··· DATA SUPPLIED ···
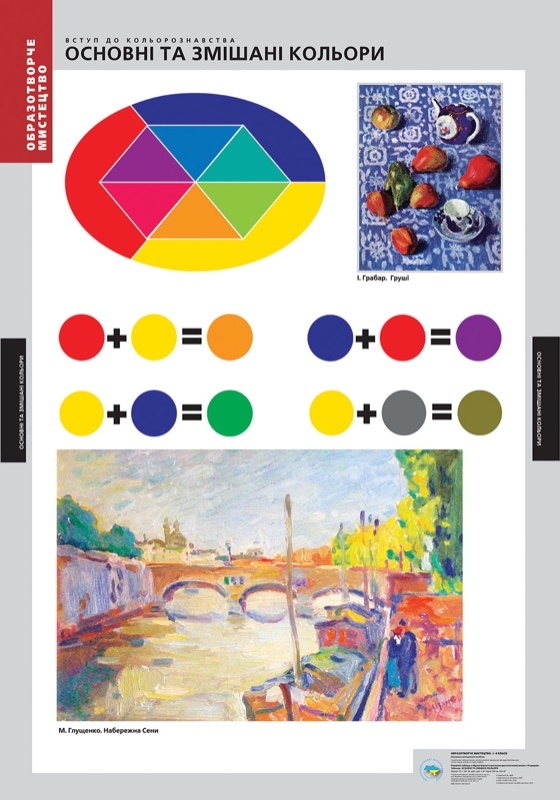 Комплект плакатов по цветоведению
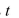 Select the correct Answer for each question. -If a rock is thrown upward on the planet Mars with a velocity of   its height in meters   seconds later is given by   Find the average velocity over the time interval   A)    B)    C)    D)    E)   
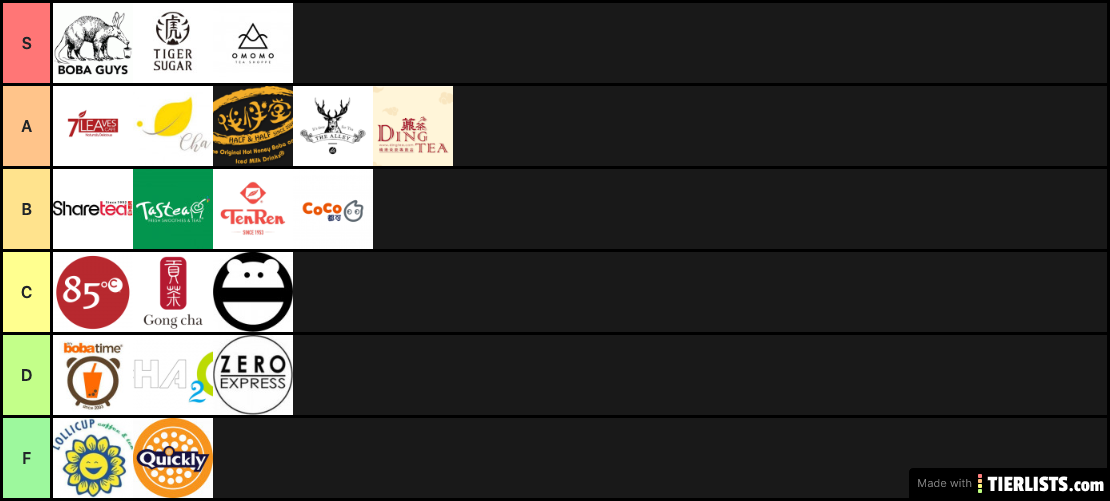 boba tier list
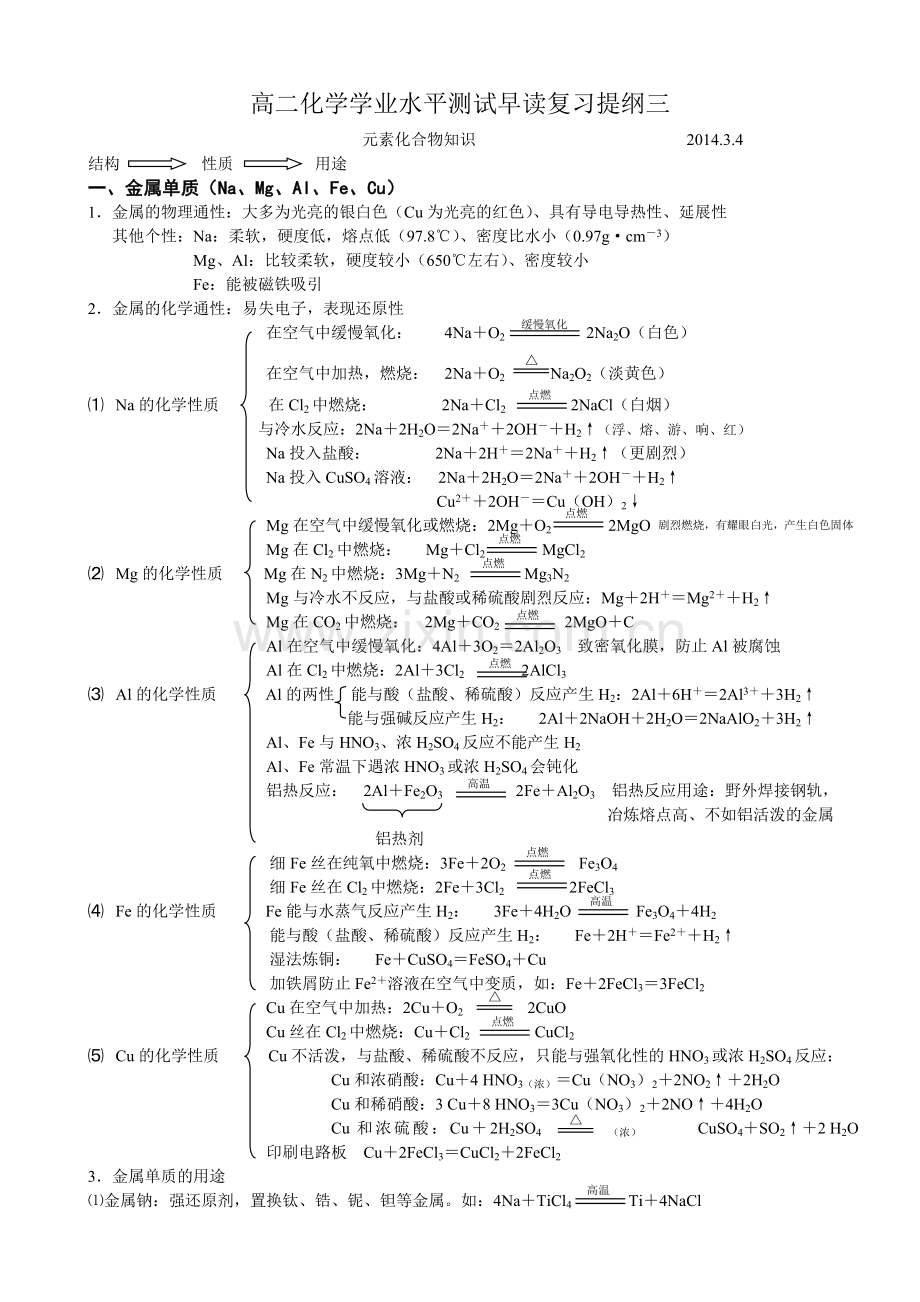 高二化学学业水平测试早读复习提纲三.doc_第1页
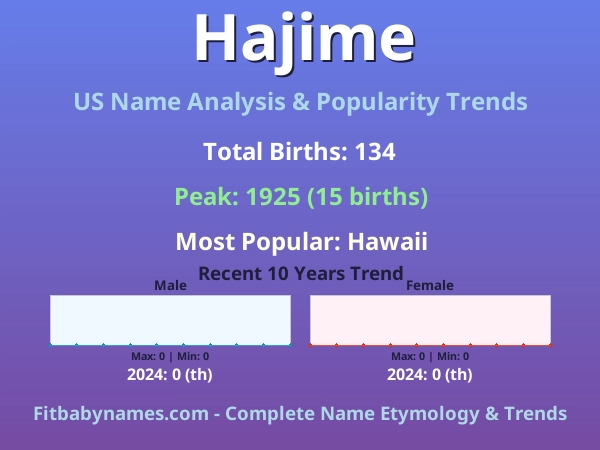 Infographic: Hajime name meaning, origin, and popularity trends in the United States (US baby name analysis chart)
···
··· DATA SUPPLIED ···
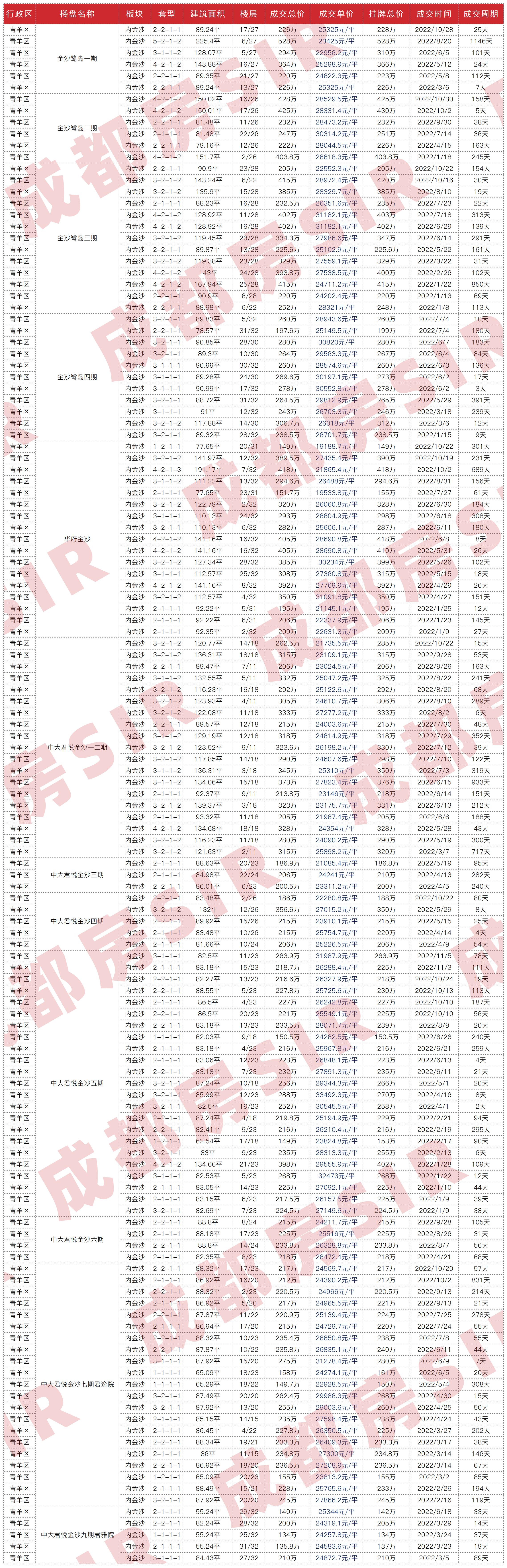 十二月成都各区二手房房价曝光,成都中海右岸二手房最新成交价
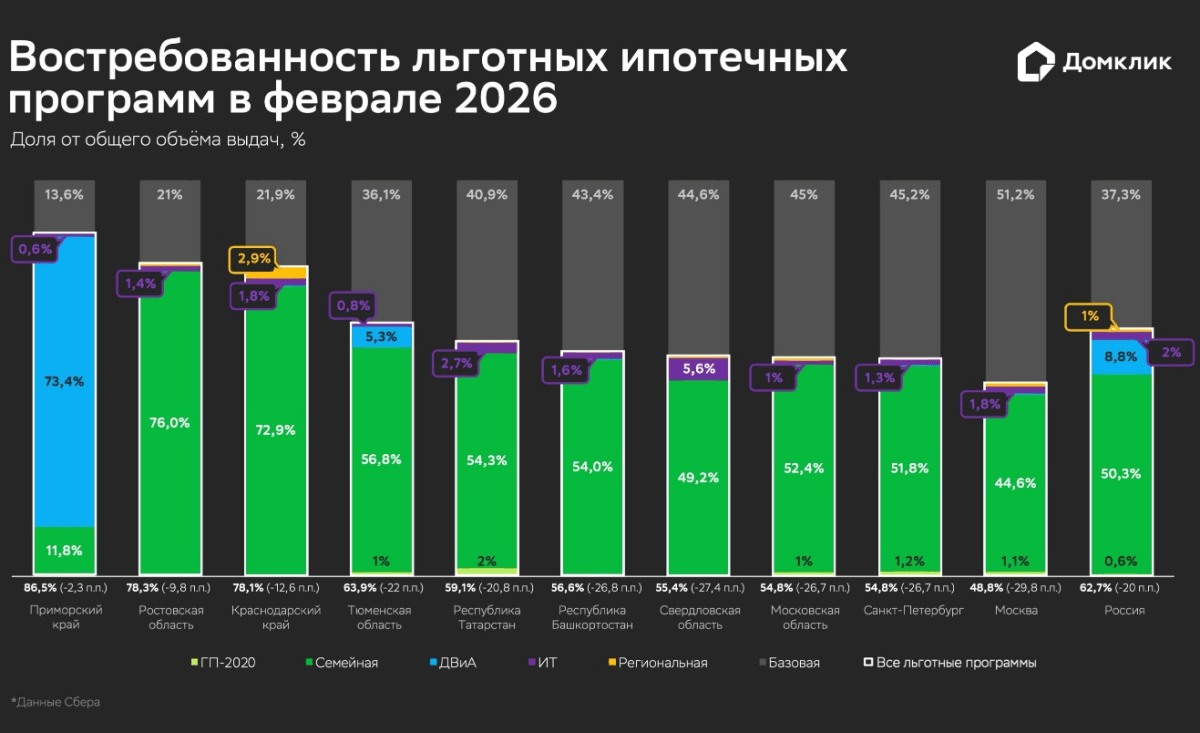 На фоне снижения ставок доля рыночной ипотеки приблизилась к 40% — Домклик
···
* TO DO *
Transcribe, from the material above, the stretch starting at the line with "Select the correct" and ending at the line with "Infographic: Hajime name", both included, exactly. Do not carry over pictures.

* ANSWER TO THIS PROBLEM *
 Select the correct Answer for each question. -If a rock is thrown upward on the planet Mars with a velocity of   its height in meters   seconds later is given by   Find the average velocity over the time interval   A)    B)    C)    D)    E)   
 boba tier list
 高二化学学业水平测试早读复习提纲三.doc_第1页
 Infographic: Hajime name meaning, origin, and popularity trends in the United States (US baby name analysis chart)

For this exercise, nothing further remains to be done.